400. Sumbul.—Musk Root.

Botanical name: 

The rhizomes and roots of Feru'la sum'bul (Kauffmann) Hooker filius.

BOTANICAL CHARACTERISTICS.—Root fusiform; perennial stem 8 to 10 feet high. Fruit oblong-ovate, monocarpous. When punctured, the branches yield an angelica-flavored milk-juice.

HABITAT.—Regions north and east of British India.

DESCRIPTION OF DRUG.—Transverse segments about 10 to 50 mm. 2/5 to 2 in.) long, and 25 mm- (1 in.) thick. They have a dusky-brown, wrinkled bark, just beneath which is a whitish, spongy, parenchymatous layer, under the microscope dotted with brown, translucent, resinous exudations from large resin-ducts. The brownish-yellow interior is a spongy mass consisting of coarse fibers, easily separable, and indiscriminately mixed and twisted with the medullary rays; fracture short and fibrous. Odor musk-like; taste sweetish at first, becoming bitter and balsamic, and leaving a sensation, of warmth in the mouth and throat. E. M. Holmes recommends that the true root be cultivated, which he thinks possible in temperate and mountainous districts in the colonies or in ordinary gardens and fields of England. The true root has a strong, persistent, musky odor.

Powder.—Characteristic elements: See Part iv, Chap. I, B.

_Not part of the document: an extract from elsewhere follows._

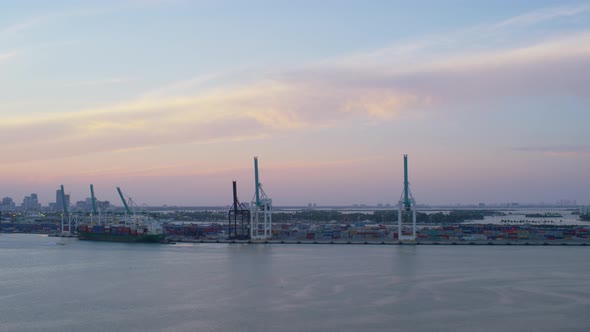 Aerial view of container cranes on Dodge Island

CONSTITUENTS.—Sumbulic or angelic acid, C5H8O2, a small quantity of valerianic acid, C5H10O2, and a small percentage of bluish volatile oil, to which, however, its odor is not due, but to two balsamic resins, or probably to some principle connected with them not yet isolated. The oil contains umbelliferone, C9H6O3.

ACTION AND USES.—Antispasmodic (due to the angelic and valerianic acids contained), stimulant, and tonic. Dose: 15 to 30 gr. (1 to 2 Gm.).

OFFICIAL PREPARATIONS.

Fluidextractum Sumbul Dose: 30 drops (2 Mils).
Extractum Sumbul 5 to 15 gr. (0.3 to 1 Gm.).